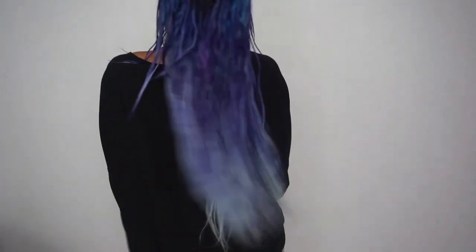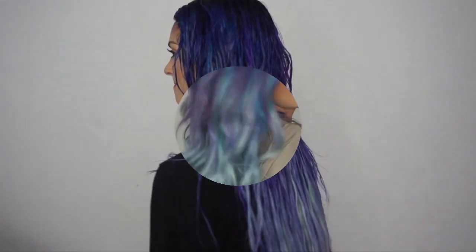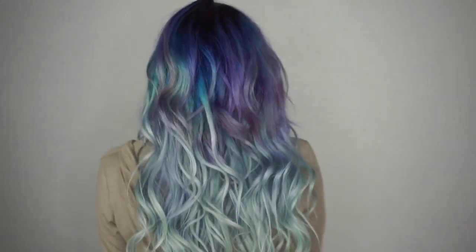And that's it. After you've covered your hair, you can let it sit for 20 minutes, and then rinse with cold water, and voila, you have your purple-blue hair. I really love the way this turned out — it's the perfect cool color combination for fall.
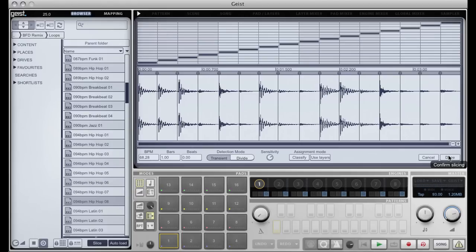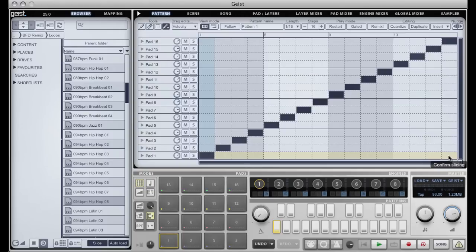This one will do for my purposes. The slicing is fine because it's a recycle loop so all the slice points are predetermined. If I click done we have a nice pattern that will play back the loop just as it should.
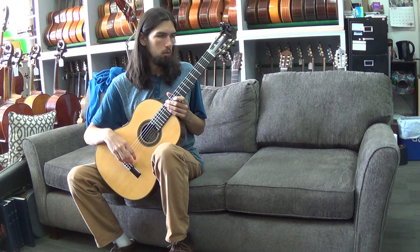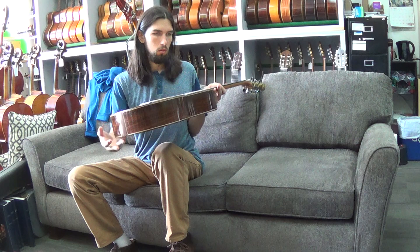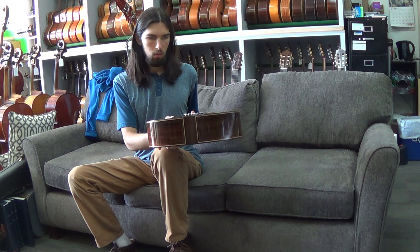Here's Hayden Vargas. He's going to play a 2007 Antonio Marin Montero, Spruce and Brazilian guitar. Maybe turn the guitar over so we can see the beautiful Brazilian back and sides. Also show the end block on it if you would. Very beautiful looking wood.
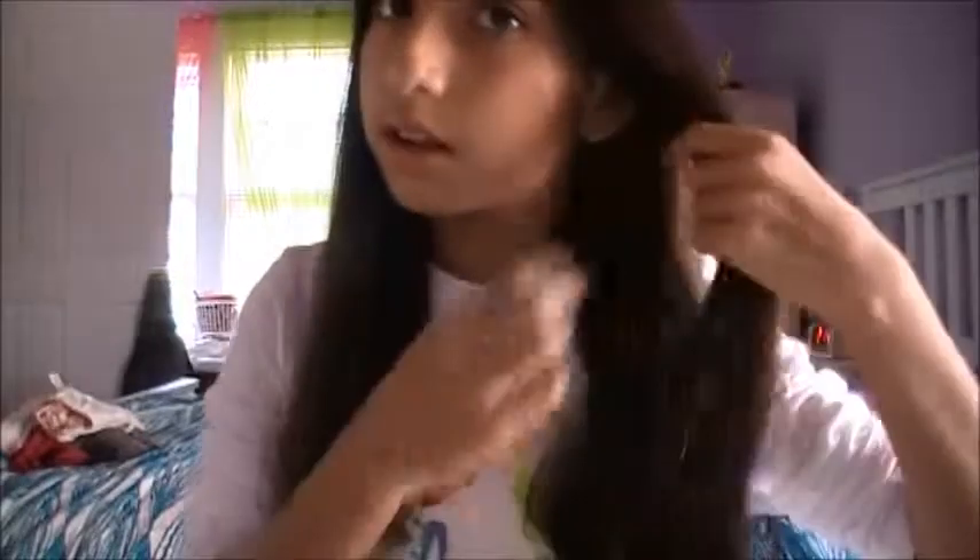Hey guys, today I'm going to be showing you how to wave your hair heatlessly overnight. This is a really easy way and it doesn't take that much time. Your hair doesn't have to be wet — it can be dry or damp, but you don't want it really wet. Let's get to this tutorial.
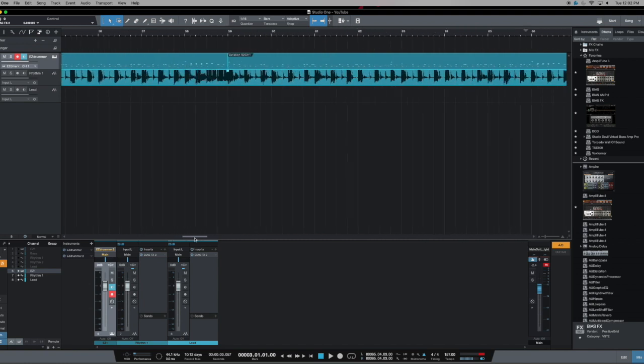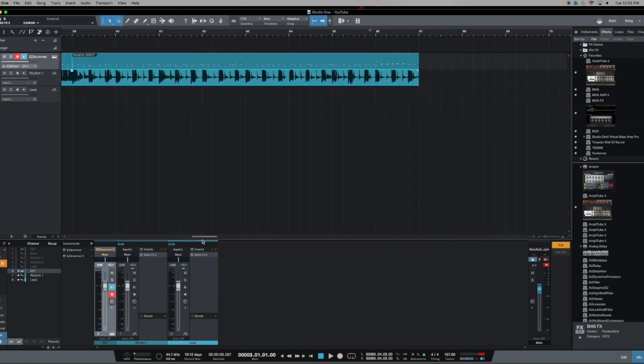You can just throw down a quick track and keep duplicating it so you've got longer play time. Not only do you have a drum track to play along with to practice your guitar solos, but you've actually got a rhythm guitar track and drums — that's going to be extremely more motivating. More importantly, you've got a progression to practice to, so you can't just play all over the place — you have to stay within the parameters of the chord progression you created. This is going to help you become a much better guitar player, much faster.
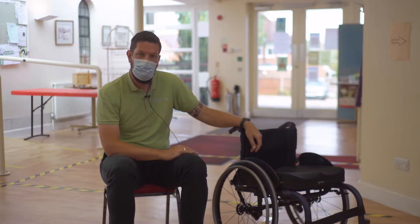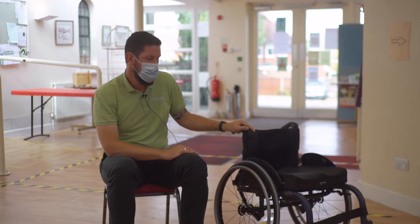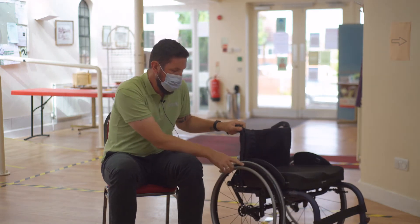Having your tyres inflated to the correct pressure is quite important. It helps to reduce rolling resistance. Your tyre pressure is written on the side of the tyre.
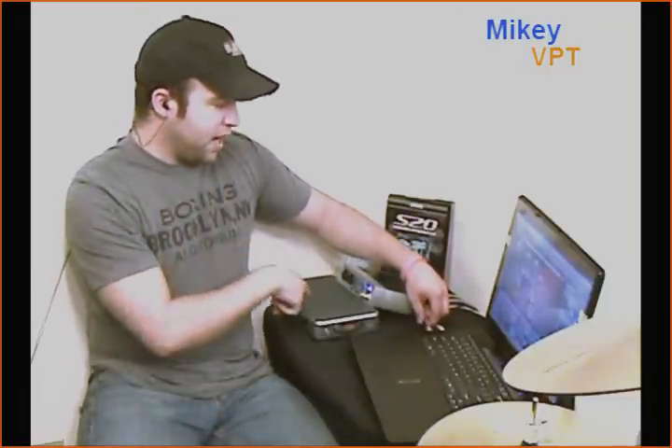So this is my general setup. I've got my laptop, the Firebox from Presonus which goes firewire into my computer and has zero latency, and my external hard drive which is holding Superior Drummer 2.0.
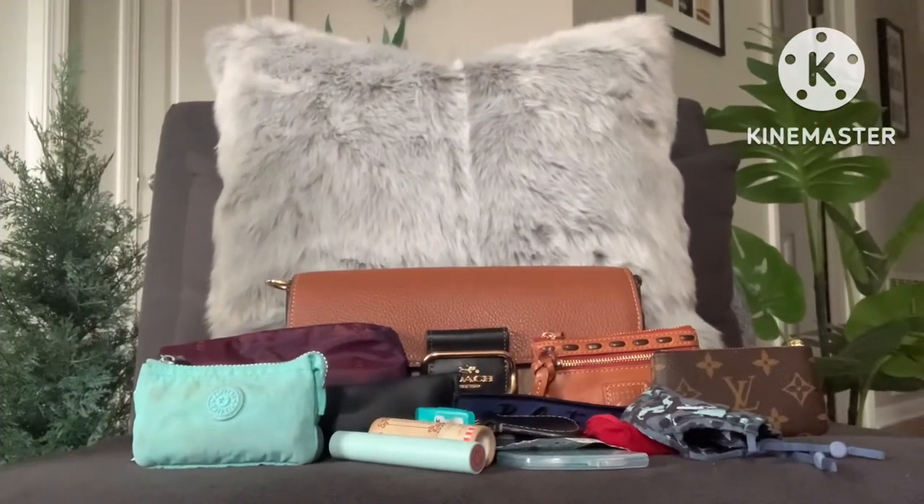Hi guys, I am Ivana and welcome to my channel or welcome back to my channel. Thank you so much for taking the time to watch. I'm going to be doing a 'what fits in my Morgan shoulder bag.' I got a request, so thank you so much for that. Let's get on with it. I'm still trying to figure out how to do my setup to best show what I'm trying to do here, so this might be a little awkward, but please bear with me.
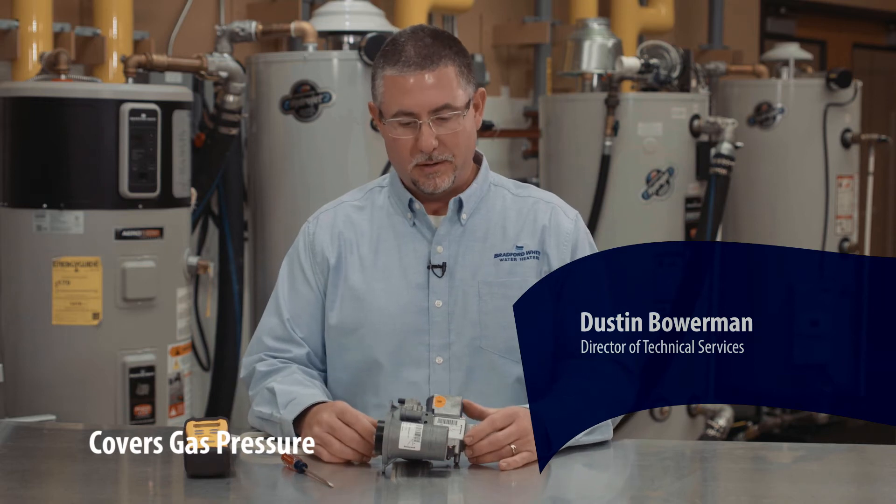Gas pressure is going to be a key requirement on any water heater's operation. It's very commonly the first thing that tech support is going to ask for.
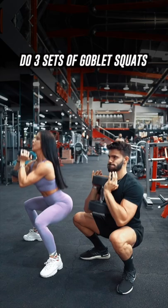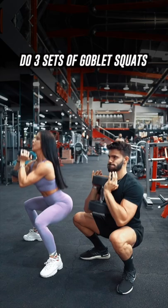Want to build thick legs? Save this dumbbell workout. Do three sets of goblet squats for 20 reps, then four sets of lunges for 10 reps each side, followed by three sets of squat bumpers for 20 reps. Finish with 50 reps each side of alternating lunges.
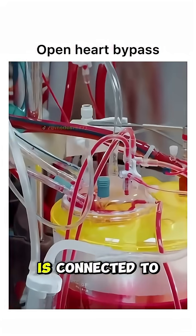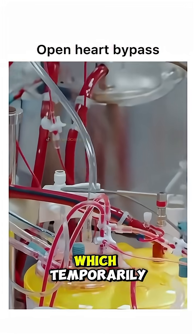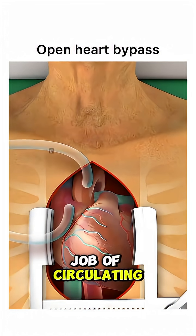Then the patient is connected to a heart-lung machine, which temporarily takes over the job of circulating blood and oxygen.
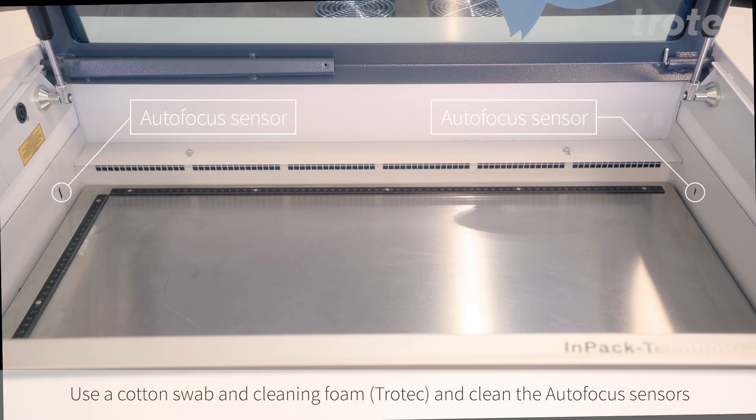We can then use a cotton swab and cleaning foam to clean the autofocus sensors.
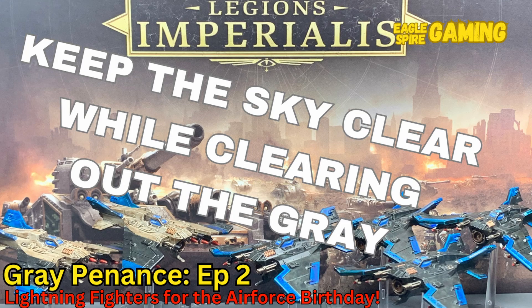Welcome to Eagle Spire Gaming. I'm your host Crown. Today is September 18th and we are doing the second episode of Great Pennance. We got a lot of models to cover, so let's get started.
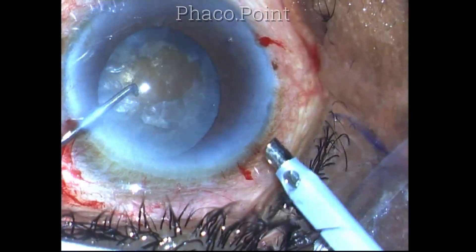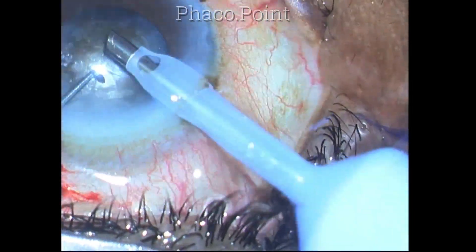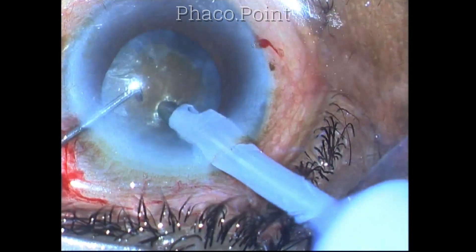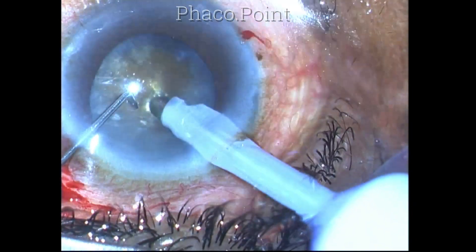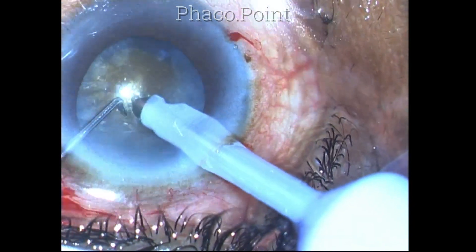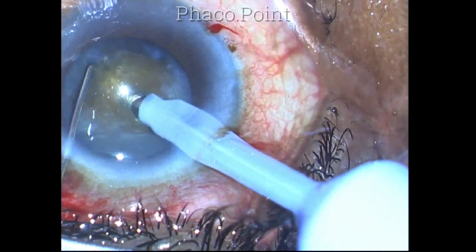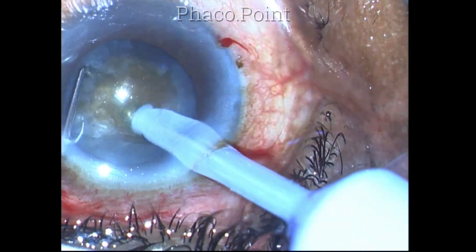Phaco emulsification is now being attempted with the direct chop method. I'm using the multi-burst mode of phaco emulsification with a power of 50%, a burst duration of 30 milliseconds, and a duty cycle of 80%.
====
_Instructions to follow_
The answer must be the listing above, restated word for word, with no images in it.

_Solution to this exercise_
And that's it. After you've covered your hair, you can let it sit for 20 minutes, and then rinse with cold water, and voila, you have your purple-blue hair. I really love the way this turned out — it's the perfect cool color combination for fall.
This one will do for my purposes. The slicing is fine because it's a recycle loop so all the slice points are predetermined. If I click done we have a nice pattern that will play back the loop just as it should.
Here's Hayden Vargas. He's going to play a 2007 Antonio Marin Montero, Spruce and Brazilian guitar. Maybe turn the guitar over so we can see the beautiful Brazilian back and sides. Also show the end block on it if you would. Very beautiful looking wood.
Hey guys, today I'm going to be showing you how to wave your hair heatlessly overnight. This is a really easy way and it doesn't take that much time. Your hair doesn't have to be wet — it can be dry or damp, but you don't want it really wet. Let's get to this tutorial.
You can just throw down a quick track and keep duplicating it so you've got longer play time. Not only do you have a drum track to play along with to practice your guitar solos, but you've actually got a rhythm guitar track and drums — that's going to be extremely more motivating. More importantly, you've got a progression to practice to, so you can't just play all over the place — you have to stay within the parameters of the chord progression you created. This is going to help you become a much better guitar player, much faster.
Having your tyres inflated to the correct pressure is quite important. It helps to reduce rolling resistance. Your tyre pressure is written on the side of the tyre.
So this is my general setup. I've got my laptop, the Firebox from Presonus which goes firewire into my computer and has zero latency, and my external hard drive which is holding Superior Drummer 2.0.
Hi guys, I am Ivana and welcome to my channel or welcome back to my channel. Thank you so much for taking the time to watch. I'm going to be doing a 'what fits in my Morgan shoulder bag.' I got a request, so thank you so much for that. Let's get on with it. I'm still trying to figure out how to do my setup to best show what I'm trying to do here, so this might be a little awkward, but please bear with me.
Gas pressure is going to be a key requirement on any water heater's operation. It's very commonly the first thing that tech support is going to ask for.
Want to build thick legs? Save this dumbbell workout. Do three sets of goblet squats for 20 reps, then four sets of lunges for 10 reps each side, followed by three sets of squat bumpers for 20 reps. Finish with 50 reps each side of alternating lunges.
Then the patient is connected to a heart-lung machine, which temporarily takes over the job of circulating blood and oxygen.
We can then use a cotton swab and cleaning foam to clean the autofocus sensors.
Welcome to Eagle Spire Gaming. I'm your host Crown. Today is September 18th and we are doing the second episode of Great Pennance. We got a lot of models to cover, so let's get started.
Phaco emulsification is now being attempted with the direct chop method. I'm using the multi-burst mode of phaco emulsification with a power of 50%, a burst duration of 30 milliseconds, and a duty cycle of 80%.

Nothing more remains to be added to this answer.